Interested in training for a marathon? Here's what to do
With our increased knowledge of the physical body and ways to maximize peak performance training, running marathons has become a popular trend. Since the first marathon in Massachusetts in 1897, which consisted of 18 men, the field has expanded to almost 150 organized marathons across the world. Now both men and women alike participate in these 26.2 mile runs which symbolizes motivation and strength.
If you are a first-time marathon runner or are currently training by yourself you might want to look into joining a running group. It is fun to run in a group, plus there are other people there to motivate you. To locate local running groups in your area, check out 1972 gold medalist Jeff Galloway's website.
If you want to run with a special purpose, you can join a team who runs on behalf of leukemia and lymphoma. You can do your part to help cure a deadly disease. If you join Team Leukemia you will become part of the largest endurance program is the United States. They will provide you with coaching, training and even the travel opportunities to make your athletic goals a reality. It's a rewarding program with great personal rewards. For more information visit their website.
Now it is time to start training. According to Benji Durden, world-class marathoner and marathon coach, "I learned that there is no simple recipes for training successfully for a marathon. Part of the marathon's allure is that it's difficult-not only to race but to train properly."
There are basic guidelines to follow when training for a marathon. Using formulas developed by Jack Daniels, Ph.D., an exercise physiologist and a respected coach, Durden has devised an approach that uses his recent race times to adjust to the different physical levels and abilities of runners. This is an 18-week start-up program for beginners who have never trained for a marathon before. For other training programs visit the Runners World website.
Durden's chart is arranged in suggested miles.
According to Hal Higdon, a senior writer for Runners' World, "It does not matter if you are a beginning runner or advanced; if you follow a running schedule and get the miles in you will be able to successfully finish a marathon."
The most important days in this schedule aren't the hard days, but the easy ones in between. Easy days are very critical because they allow the body to recover from and adapt to the hard training done during the rest of the week. If you did not have the easy days between the hard ones, the training would break you down rather than make you stronger.
The philosophy of hard day/easy day comes from University of Oregon coach Bill Bowerman. Easy days are also a good day for cross training. Riding a bike, brisk walking, swimming and weight training are all beneficial activities for marathoners in training. When you do your cross training don't over do it; the idea of an easy day is to rest, not become more fatigued.
Another key component to training for a marathon is the long runs. These runs are essential and should be done every week. If you have to skip a run don't let it be on your long day. The long runs allow your body to adapt to the stresses of running the long distance of a marathon. Says Durden, "Covering the distance is not the problem -- most runners who can cover 10-K(6.1 miles) in under an hour should be able to walk or run 26.2 miles-but it's a question of how much stress your body can take-and for how long. That's why I believe that if you have to choose only two workouts to do other than easy runs, do a weekly long run and race often."

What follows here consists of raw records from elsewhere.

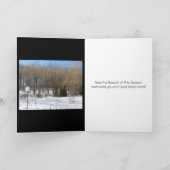 Door mijn raam feestdagen kaart (Binnen)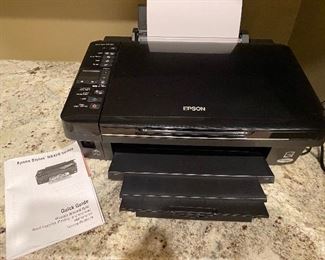 $35 - LOT 52 - Epson Stylus NX420 wireless printer and scanner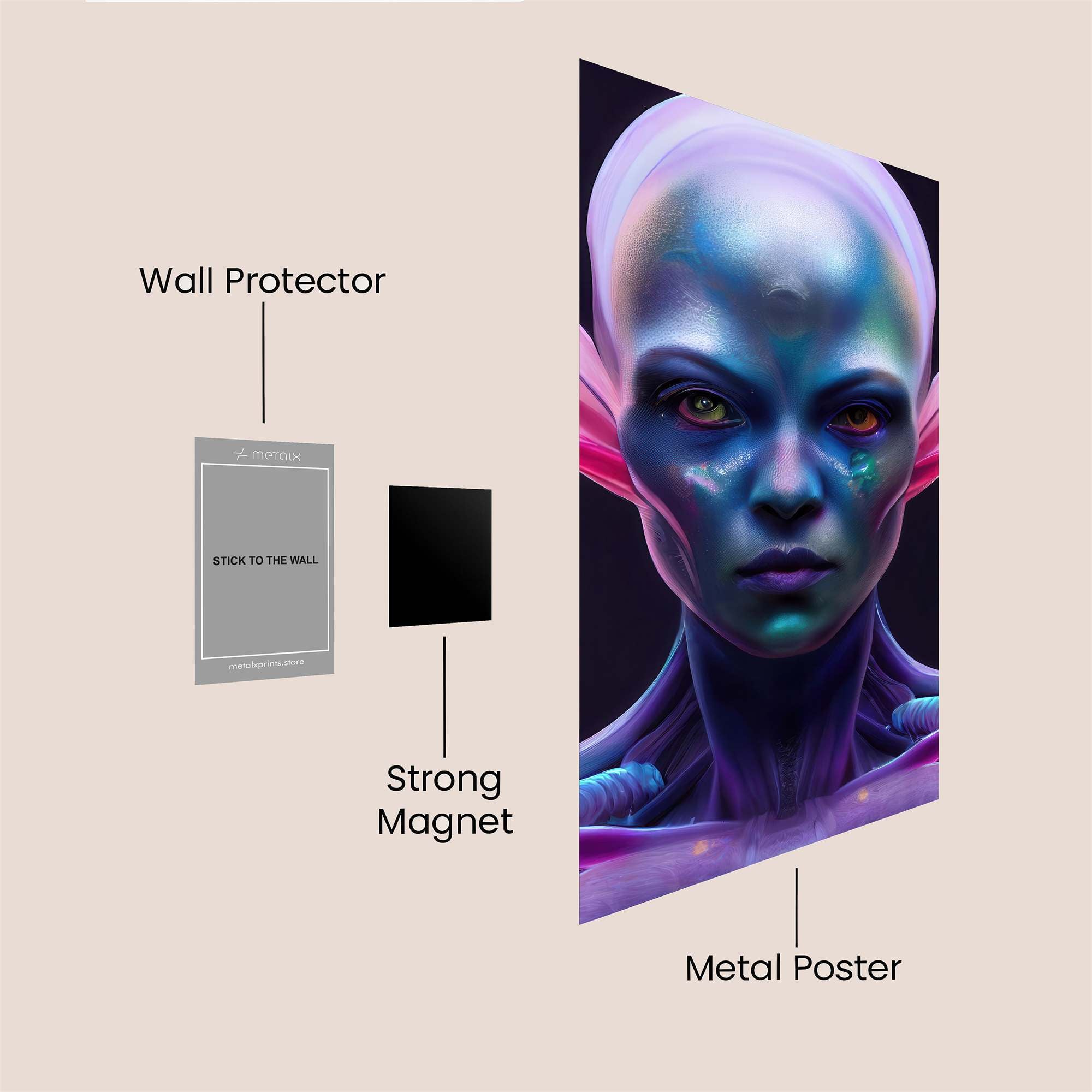 Alien Enigma Safe Wall Magnetic / M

According to Wald Amacher, a writer from On the Run, "The actual running of a marathon should be the enjoyable part, it is the training day in and day out that you need to get motivated for."

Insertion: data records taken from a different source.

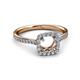 4 - Anne Desire Semi Mount Two Tone Halo Engagement Ring 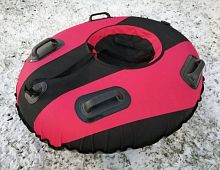 Ватрушка 115 см 115х100 см с 4 ручками Король Горок Ф8 черный-красный-черный 996760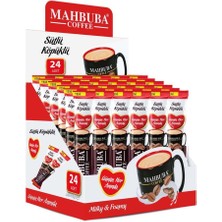 Mahbuba Coffee 3ü1 Arada Sütlü Köpüklü Hazır Kahve 24x18gr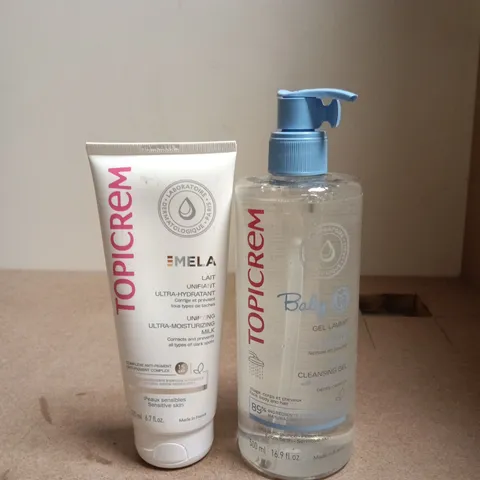 TOPICREM BABY CLEANSING GEL LAVANT + LAIT UNIFIANT ULTRA-HYDRATANT (SET)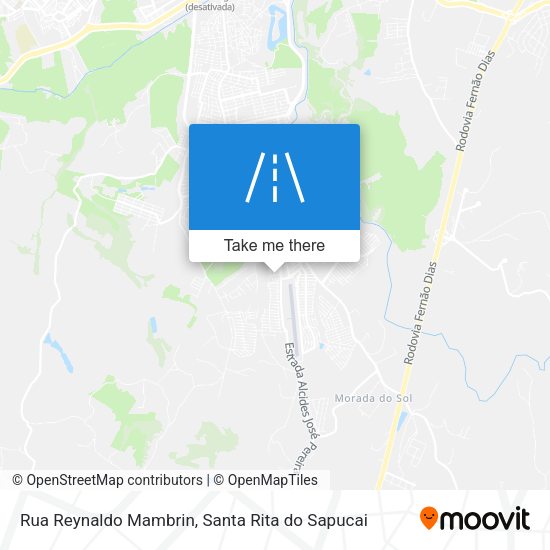 Rua Reynaldo Mambrin map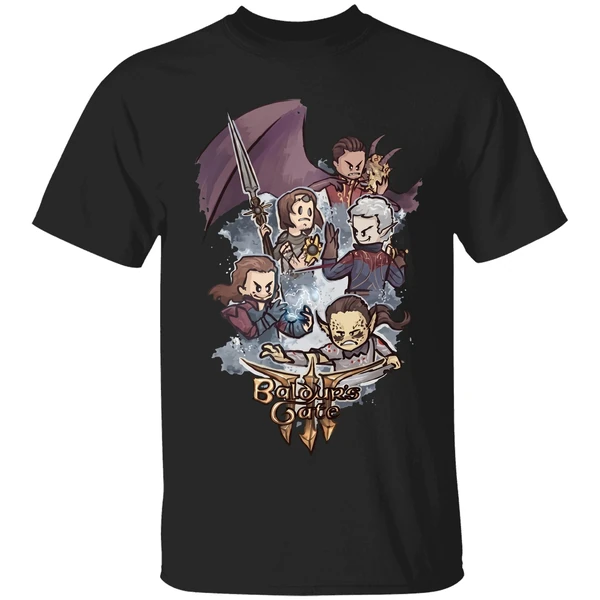Baldur S Gate 3 Chibi Characters Shirt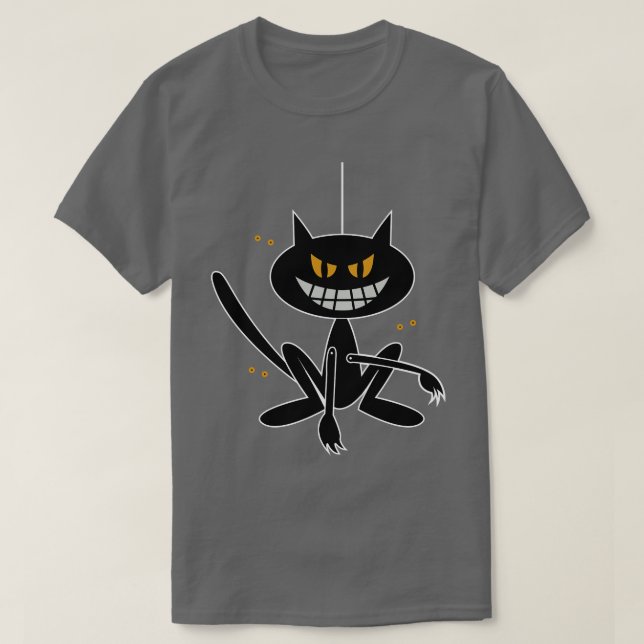 Camiseta Gato Negro (Frente do Design)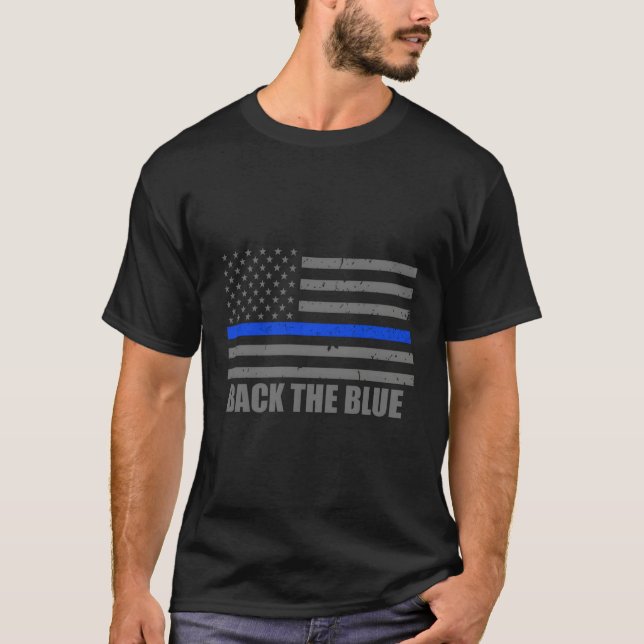 Law Enforcet Back The Blue T-Shirt (Front)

You need to listen to your body when training for a marathon. If you experience pain other than sore muscles, you need to stop training and consult a physician. "If you try to run though an injury you will end up doing more harm than good," writes David Leon Moore in USA Today. "The majority of the time it will set you back farther in your training, than if you would have taken time off to rest the injury."

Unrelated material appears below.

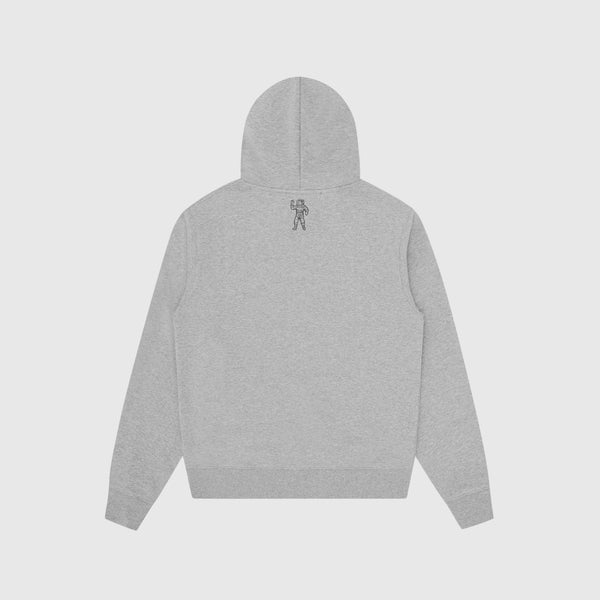 Billionaire Boys Club Camo Arch Logo Popover Hood - Heather Grey - Back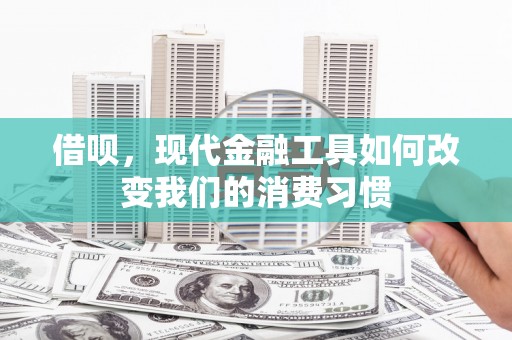 民勤借呗，现代金融工具如何改变我们的消费习惯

Let's suppose now you have done all your training and now it's the week of the race. This is not a time to get in those last few miles that you neglected in week 15, this is a time to relax and let your muscles rejuvenate. According to Liz Applegate, Ph.D, "While you taper your running, this is a time to taper your diet and only eat food that will fuel your body, such as protein and carbohydrates, stay away from sugar. You want to avoid gaining any extra weight at this point so the day of your race you will feel your best."
A good rule of thumb: eat a light meal the morning of your race. Taking in carbohydrates, particularly before longer races, provides more energy for hard-working muscles. Your pre-race meal should be eaten two to four hours before starting time and should consist of at least 200 grams of carbohydrates, which works out to about 800 calories' worth.
When you start your training program you should choose a marathon so you have a goal to work towards. There are listing of marathons and their websites at http://www.runnersworld.com or in The Ultimatte Guide to Marathon's by Dennis Craythorn and Rich Hanna.
Good luck, best wishes, and I'll see you at the races!